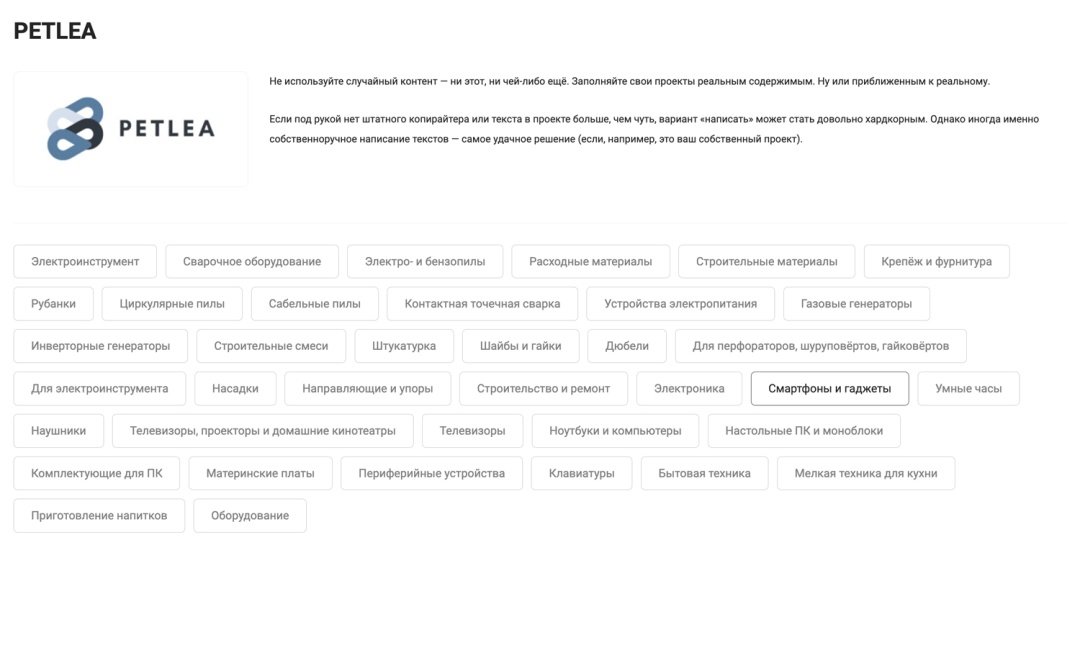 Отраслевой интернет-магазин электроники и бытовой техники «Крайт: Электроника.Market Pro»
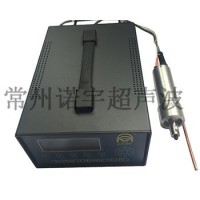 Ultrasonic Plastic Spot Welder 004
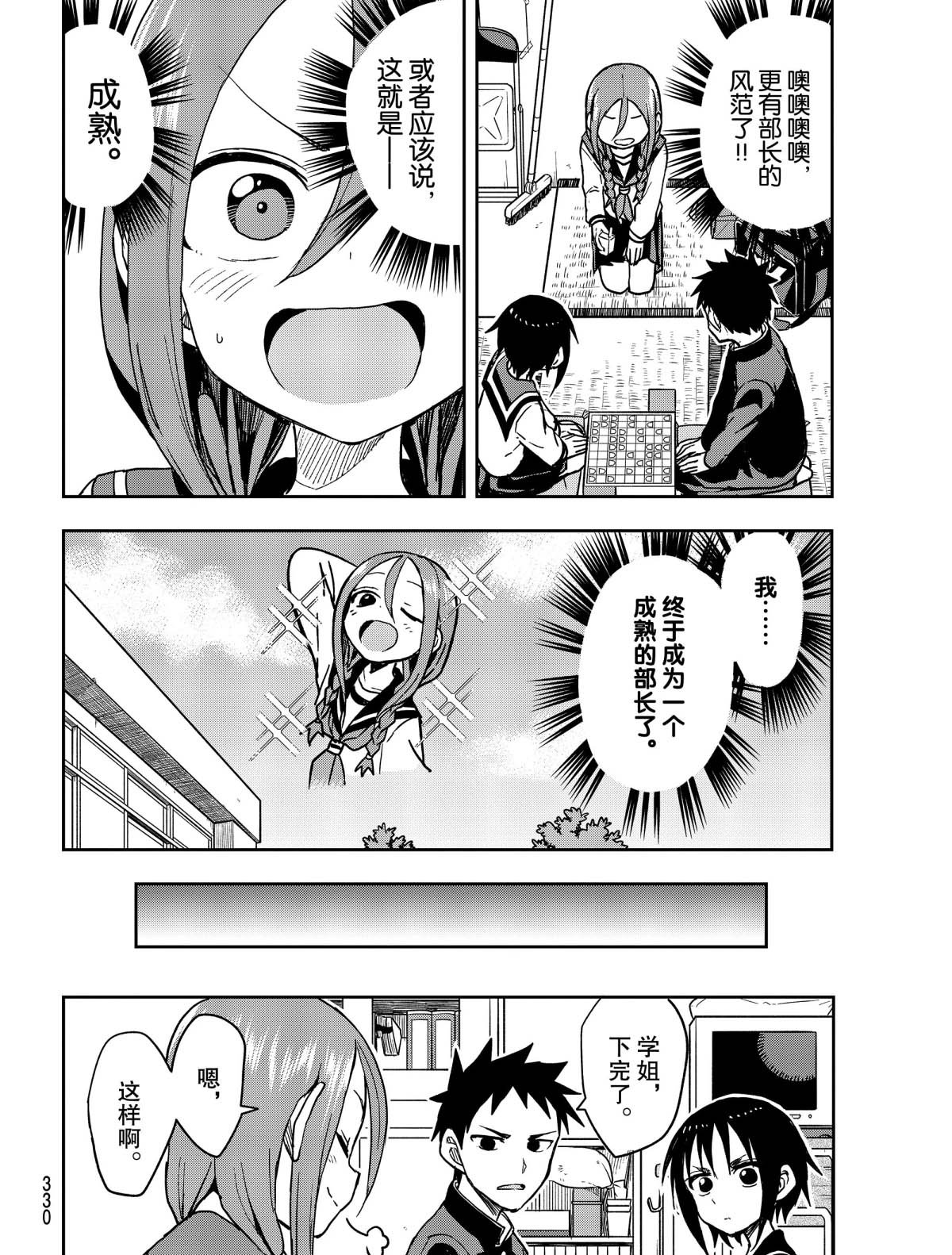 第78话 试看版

◆ **Assignment**
Wherever the listing shows a picture, omit it and output the rest exactly as given.

◆ **Your solution**
 Отраслевой интернет-магазин электроники и бытовой техники «Крайт: Электроника.Market Pro»
 Ultrasonic Plastic Spot Welder 004
 第78话 试看版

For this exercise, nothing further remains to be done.